──────── DATA ────────

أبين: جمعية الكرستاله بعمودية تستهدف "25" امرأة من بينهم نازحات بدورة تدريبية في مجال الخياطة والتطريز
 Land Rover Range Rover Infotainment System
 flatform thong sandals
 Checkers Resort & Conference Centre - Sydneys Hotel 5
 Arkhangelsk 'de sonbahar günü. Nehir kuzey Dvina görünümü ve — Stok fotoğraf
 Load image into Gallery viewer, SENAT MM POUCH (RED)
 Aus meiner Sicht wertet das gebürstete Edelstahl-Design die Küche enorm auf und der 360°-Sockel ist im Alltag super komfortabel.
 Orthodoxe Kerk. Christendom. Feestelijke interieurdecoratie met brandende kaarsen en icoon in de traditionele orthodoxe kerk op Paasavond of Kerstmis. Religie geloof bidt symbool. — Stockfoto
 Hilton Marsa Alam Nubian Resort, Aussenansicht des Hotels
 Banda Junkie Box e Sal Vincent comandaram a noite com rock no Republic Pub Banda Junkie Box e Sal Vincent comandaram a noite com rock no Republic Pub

────────

### WORK INSTRUCTIONS
The response has to match the records above word for word.

### PROBLEM SOLUTION
أبين: جمعية الكرستاله بعمودية تستهدف "25" امرأة من بينهم نازحات بدورة تدريبية في مجال الخياطة والتطريز
 Land Rover Range Rover Infotainment System
 flatform thong sandals
 Checkers Resort & Conference Centre - Sydneys Hotel 5
 Arkhangelsk 'de sonbahar günü. Nehir kuzey Dvina görünümü ve — Stok fotoğraf
 Load image into Gallery viewer, SENAT MM POUCH (RED)
 Aus meiner Sicht wertet das gebürstete Edelstahl-Design die Küche enorm auf und der 360°-Sockel ist im Alltag super komfortabel.
 Orthodoxe Kerk. Christendom. Feestelijke interieurdecoratie met brandende kaarsen en icoon in de traditionele orthodoxe kerk op Paasavond of Kerstmis. Religie geloof bidt symbool. — Stockfoto
 Hilton Marsa Alam Nubian Resort, Aussenansicht des Hotels
 Banda Junkie Box e Sal Vincent comandaram a noite com rock no Republic Pub Banda Junkie Box e Sal Vincent comandaram a noite com rock no Republic Pub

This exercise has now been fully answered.